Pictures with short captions
══════════

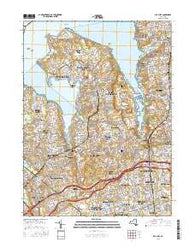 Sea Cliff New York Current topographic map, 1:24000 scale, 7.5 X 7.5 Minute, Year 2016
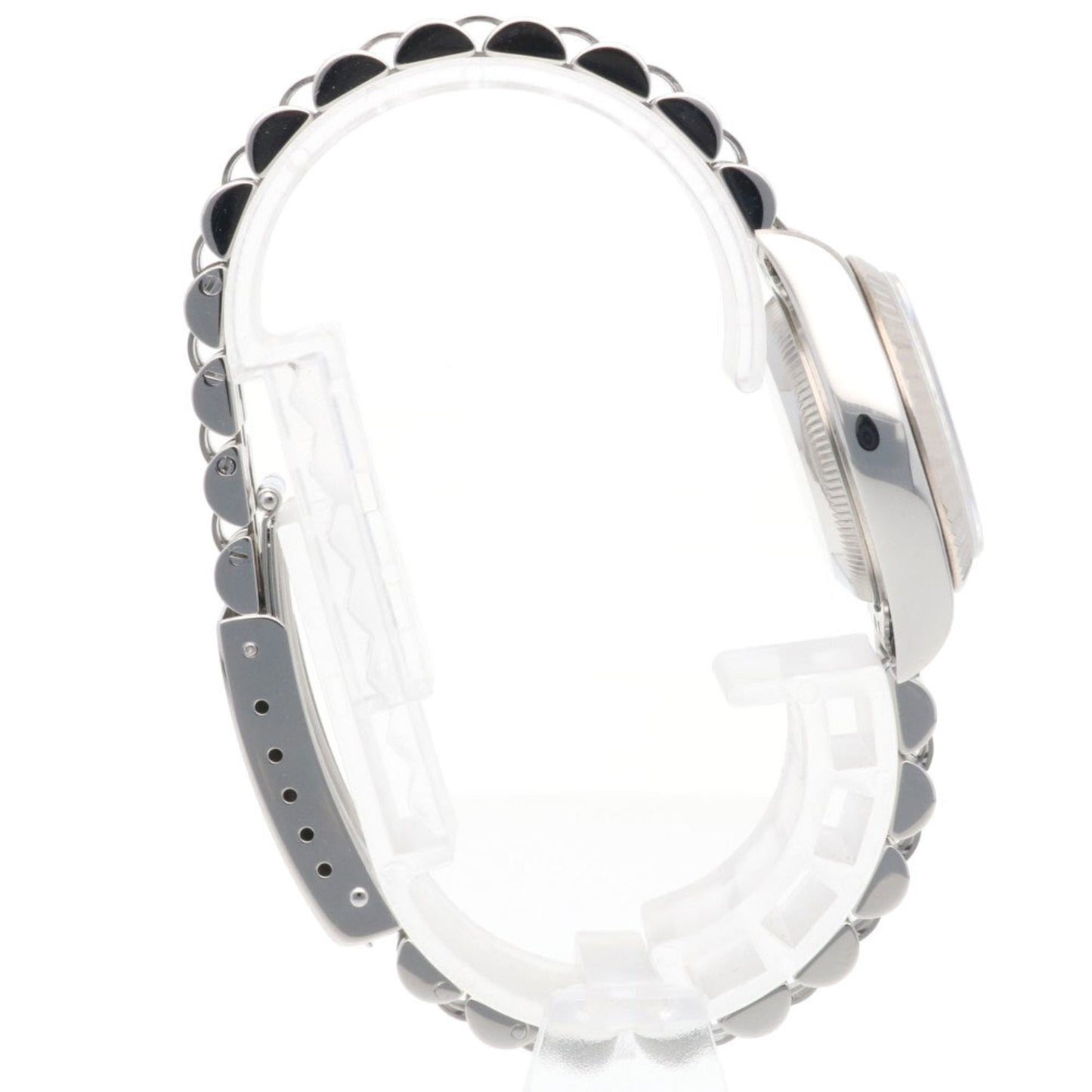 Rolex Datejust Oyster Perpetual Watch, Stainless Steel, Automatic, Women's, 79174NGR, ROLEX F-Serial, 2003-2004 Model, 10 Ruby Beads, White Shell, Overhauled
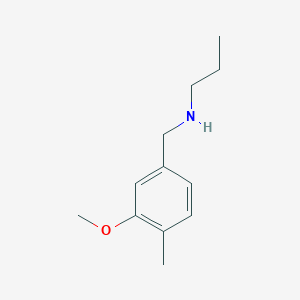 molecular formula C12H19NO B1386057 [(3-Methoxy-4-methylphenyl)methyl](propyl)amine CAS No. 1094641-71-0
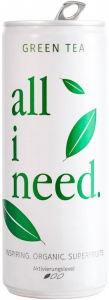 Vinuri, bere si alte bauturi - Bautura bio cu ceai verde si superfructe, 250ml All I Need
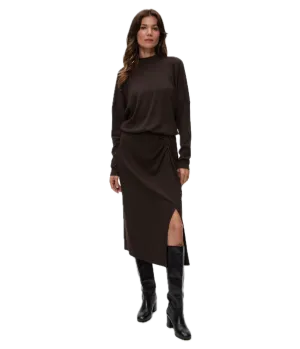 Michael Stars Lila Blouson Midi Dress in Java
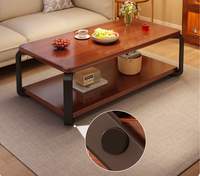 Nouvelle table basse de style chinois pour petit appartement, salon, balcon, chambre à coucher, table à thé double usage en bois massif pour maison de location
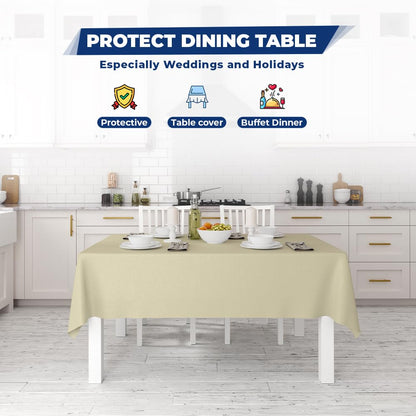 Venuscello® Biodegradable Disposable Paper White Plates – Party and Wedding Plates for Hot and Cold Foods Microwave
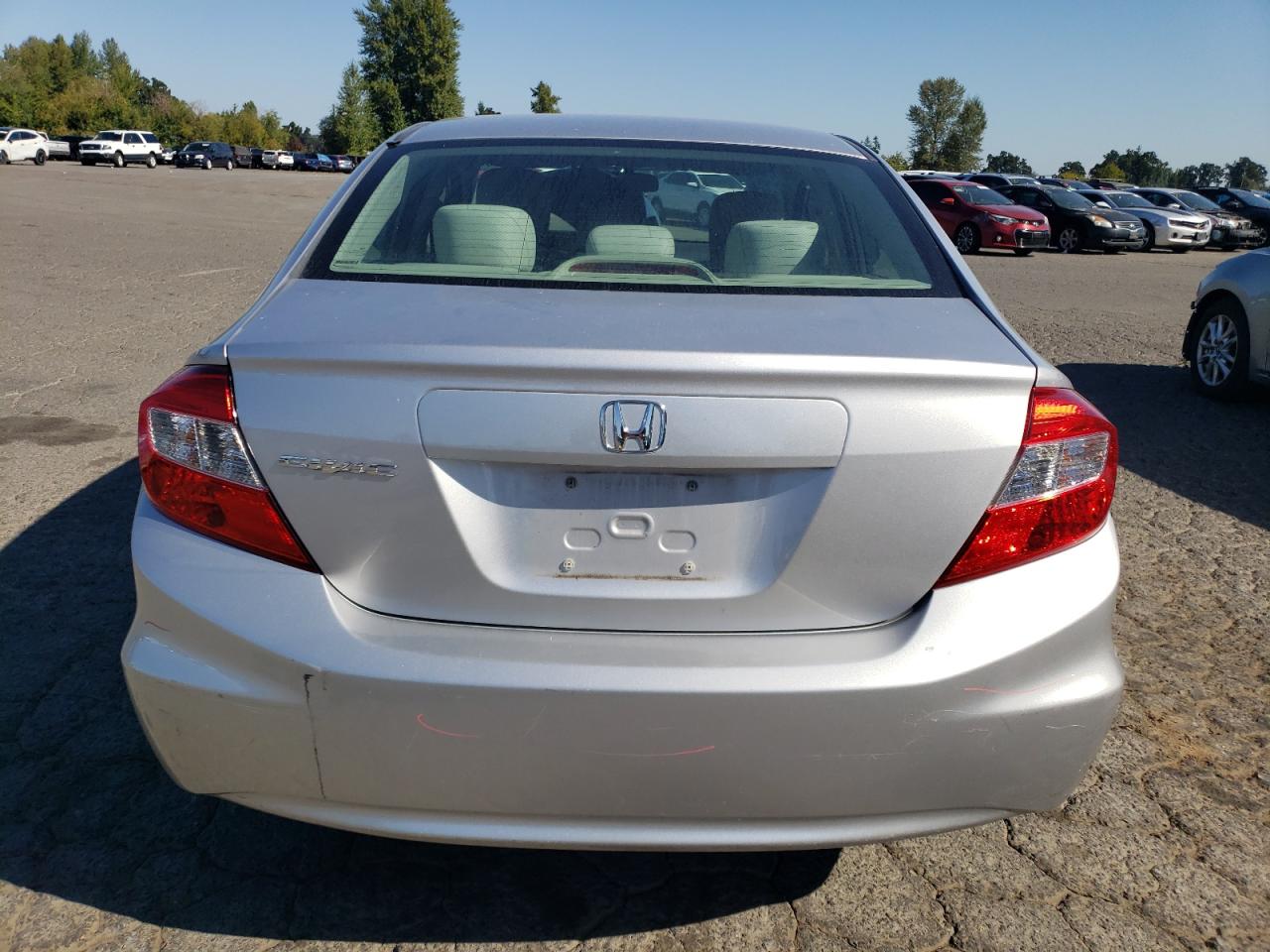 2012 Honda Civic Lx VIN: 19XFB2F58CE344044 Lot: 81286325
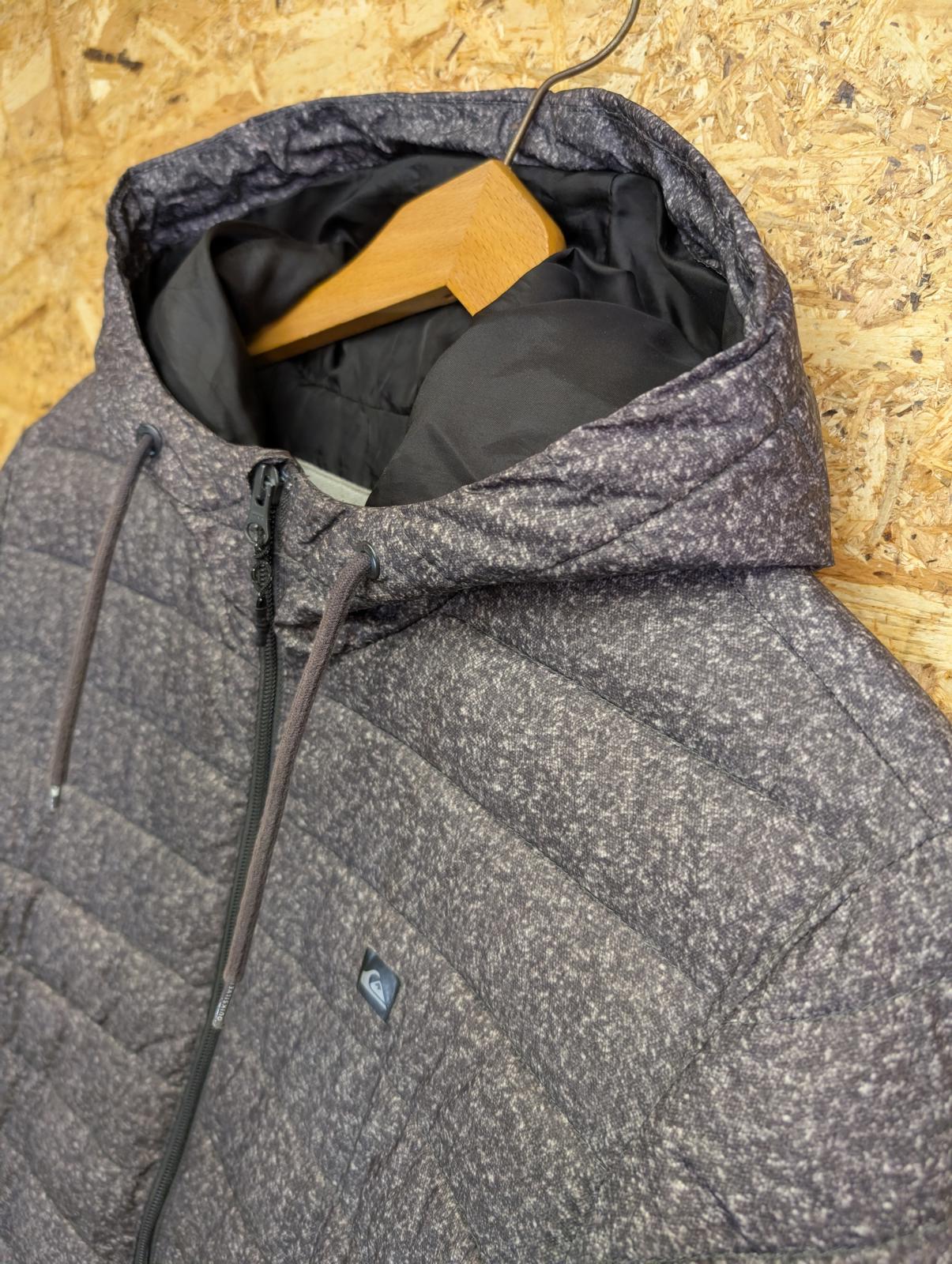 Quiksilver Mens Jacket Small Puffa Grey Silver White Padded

══════════

# EXERCISE OBJECTIVE:
Although the records contain pictures, only their text should be repeated, exactly as it appears.

# RESULT OF THIS EXERCISE:
 Sea Cliff New York Current topographic map, 1:24000 scale, 7.5 X 7.5 Minute, Year 2016
 Rolex Datejust Oyster Perpetual Watch, Stainless Steel, Automatic, Women's, 79174NGR, ROLEX F-Serial, 2003-2004 Model, 10 Ruby Beads, White Shell, Overhauled
 molecular formula C12H19NO B1386057 [(3-Methoxy-4-methylphenyl)methyl](propyl)amine CAS No. 1094641-71-0
 Vinuri, bere si alte bauturi - Bautura bio cu ceai verde si superfructe, 250ml All I Need
 Michael Stars Lila Blouson Midi Dress in Java
 Nouvelle table basse de style chinois pour petit appartement, salon, balcon, chambre à coucher, table à thé double usage en bois massif pour maison de location
 Venuscello® Biodegradable Disposable Paper White Plates – Party and Wedding Plates for Hot and Cold Foods Microwave
 2012 Honda Civic Lx VIN: 19XFB2F58CE344044 Lot: 81286325
 Quiksilver Mens Jacket Small Puffa Grey Silver White Padded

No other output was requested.